> [What is required] From the first line to the last, copy the data exactly and drop the pictures.

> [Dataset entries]
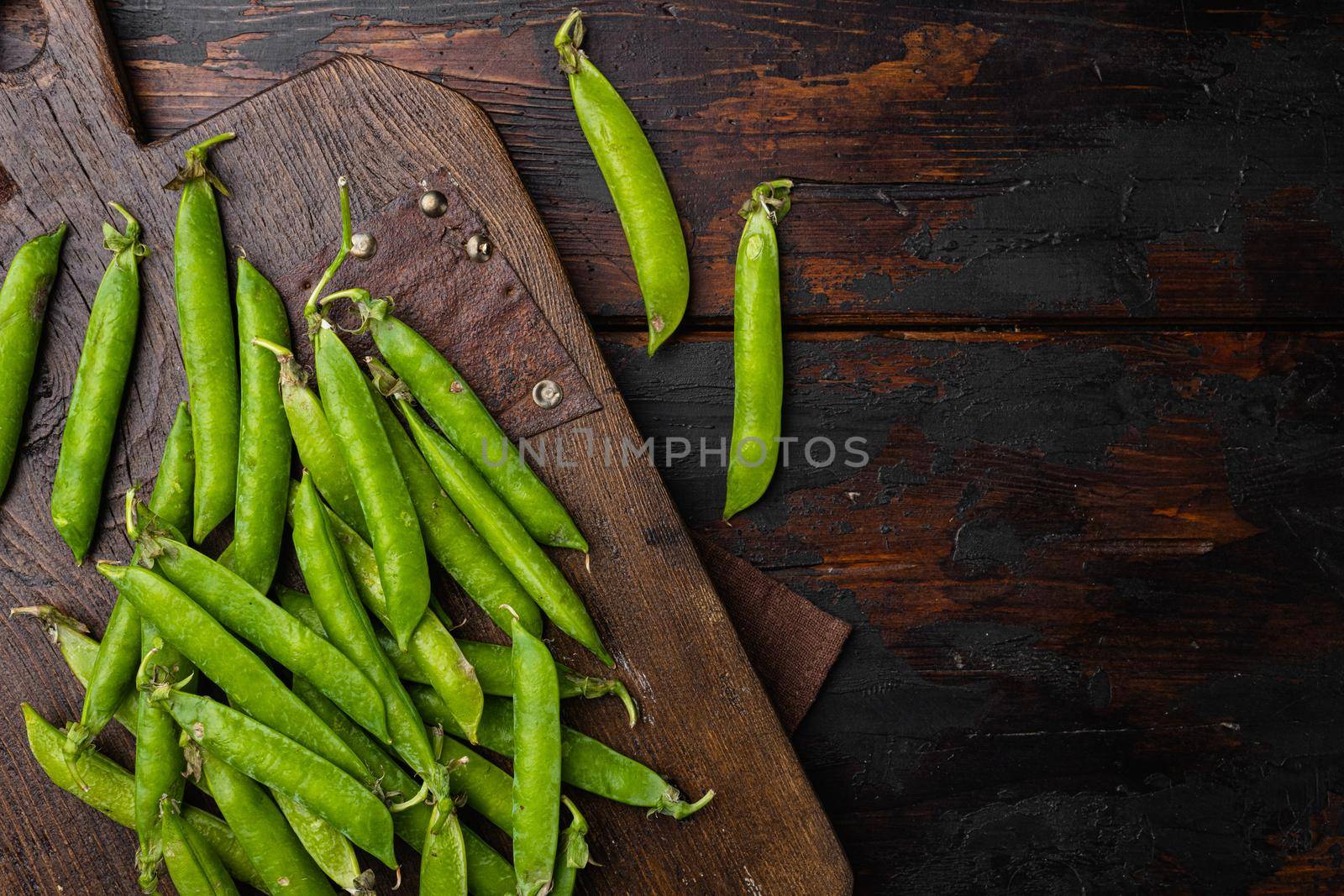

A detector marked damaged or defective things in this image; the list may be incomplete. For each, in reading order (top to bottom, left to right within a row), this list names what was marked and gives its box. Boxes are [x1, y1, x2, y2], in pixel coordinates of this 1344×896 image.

rusty nail head [417, 191, 449, 218]
rusty nail head [349, 231, 376, 259]
rusty nail head [470, 233, 497, 260]
rusty nail head [529, 375, 561, 408]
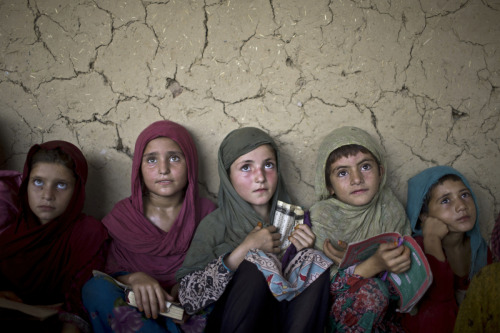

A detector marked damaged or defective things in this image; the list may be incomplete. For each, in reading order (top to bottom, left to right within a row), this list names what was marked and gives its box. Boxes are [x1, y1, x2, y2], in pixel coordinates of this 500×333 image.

cracked mud wall [0, 0, 500, 239]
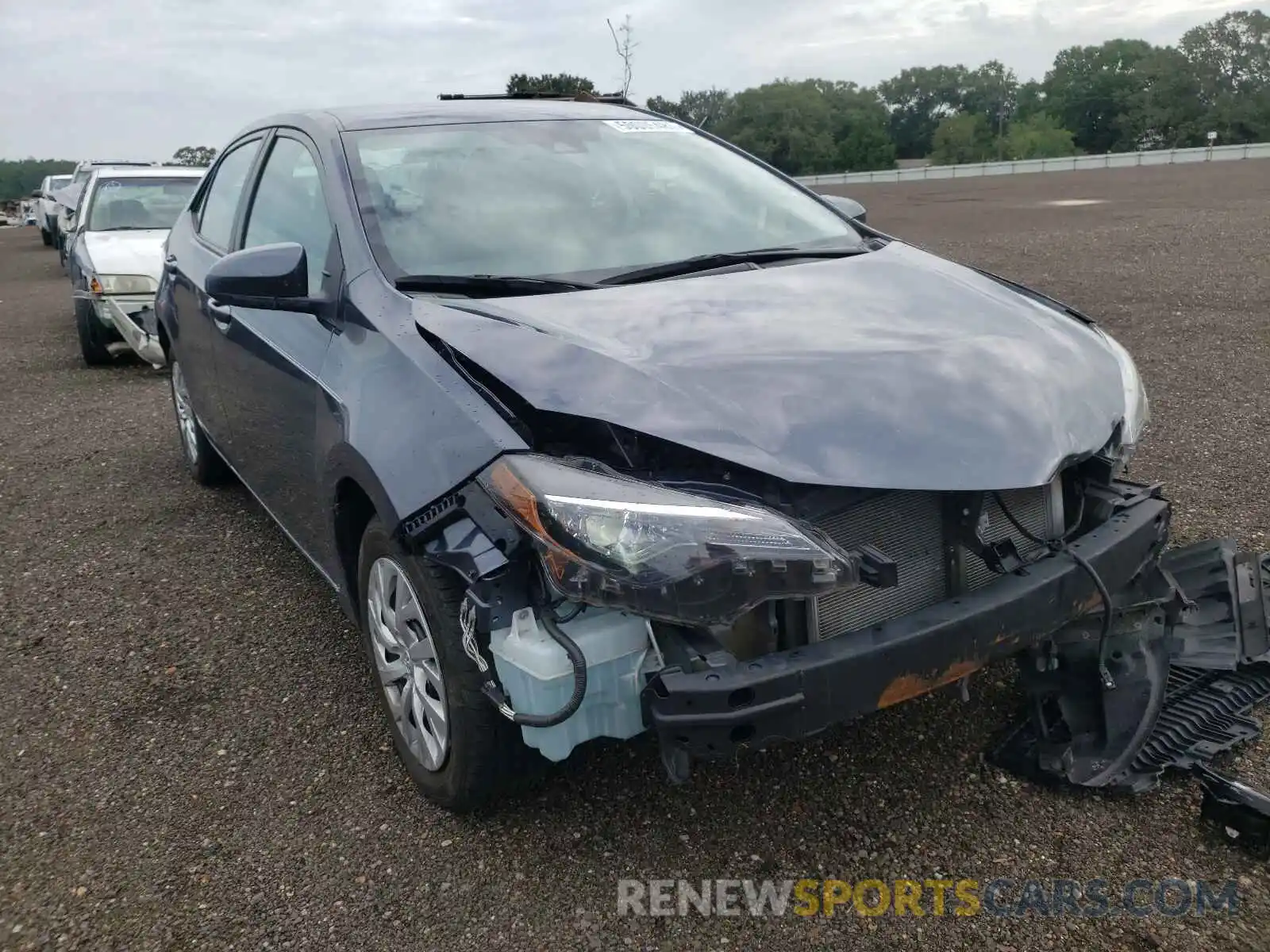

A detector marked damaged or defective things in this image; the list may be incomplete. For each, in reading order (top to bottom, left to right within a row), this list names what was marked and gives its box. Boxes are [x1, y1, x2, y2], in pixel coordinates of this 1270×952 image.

crumpled hood [81, 229, 168, 282]
broken headlight assembly [477, 454, 864, 627]
damaged sedan [159, 95, 1270, 812]
crumpled hood [414, 242, 1133, 492]
rusty bumper bar [645, 487, 1168, 766]
detached bumper cover [645, 492, 1168, 762]
broken headlight assembly [1097, 332, 1158, 474]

> [Task response]
A detector marked damaged or defective things in this image; the list may be incomplete. For each, in reading order (top to bottom, left to right within a row), this list names what was marked and gives its box. Boxes are [x1, y1, x2, y2], in pixel coordinates of this 1344×896 image.

rusty nail head [417, 191, 449, 218]
rusty nail head [349, 231, 376, 259]
rusty nail head [470, 233, 497, 260]
rusty nail head [529, 375, 561, 408]

A detector marked damaged or defective things in this image; the list may be incomplete. For each, in reading order (top to bottom, left to right within a row), this list names what was marked and gives its box. Boxes are [x1, y1, x2, y2], in pixel coordinates of this 500×333 image.

cracked mud wall [0, 0, 500, 239]

A detector marked damaged or defective things in this image; the list may be incomplete. For each, in reading order (top to bottom, left to right within a row), this list names what was marked and gives its box. Boxes are [x1, y1, x2, y2], in pixel coordinates of this 1270×952 image.

crumpled hood [81, 229, 168, 282]
broken headlight assembly [477, 454, 864, 627]
damaged sedan [159, 95, 1270, 812]
crumpled hood [414, 242, 1133, 492]
rusty bumper bar [645, 487, 1168, 766]
detached bumper cover [645, 492, 1168, 762]
broken headlight assembly [1097, 332, 1158, 474]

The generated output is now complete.